The settlement would have required the company to provide software and computers to more than 12,500 of the poorest public schools
in the U.S. for five years, at an estimated cost of about $1.1 billion. Microsoft also would have provided about $900 million worth
of software for five years to schools in which most students qualify for federal lunch programs, and would have provided 200,000
reconditioned desktop and laptop computers, and $90 million in technical support. The company would have contributed another $250
million to set up an independent foundation to meet project goals.
But Microsoft competitors, including Apple Computer
, fought the settlement terms, arguing that it would
strengthen the company’s position in schools, one of Apple’s prime markets.

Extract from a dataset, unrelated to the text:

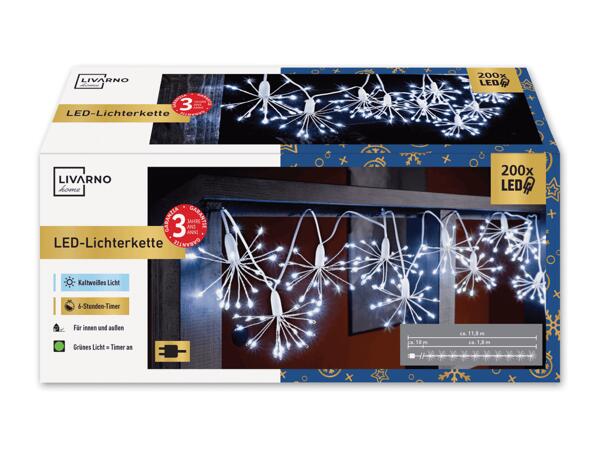 LED-Dandelion Lichterkette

U.S. District Court Judge J. Frederick Motz ruled that he could not support the deal, noting the cases had not progressed to the
point that he could determine what damages might have been obtained through litigation. He also said the private foundation charged
with overseeing Microsoft’s obligations would not have been adequately funded.
“While we are confident that Microsoft ultimately will prevail in these lawsuits, we are disappointed that we have missed this opportunity to improve education for disadvantaged children while resolving litigation,” said Tom Burt, deputy general counsel for Microsoft.
“Microsoft went the extra mile to make this settlement work. We sought input from educators to fully address issues regarding the independence of the education foundation that was a key part of the proposed settlement. We also made modifications to the original agreement to ensure that schools would have the option to use the software and platform of their choice. Microsoft is always open to looking for reasonable ways to resolve litigation. We will review the court’s opinion and at the same time move forward with the next steps in the litigation.”
Microsoft must now choose between negotiating a new settlement or fighting the suits in court.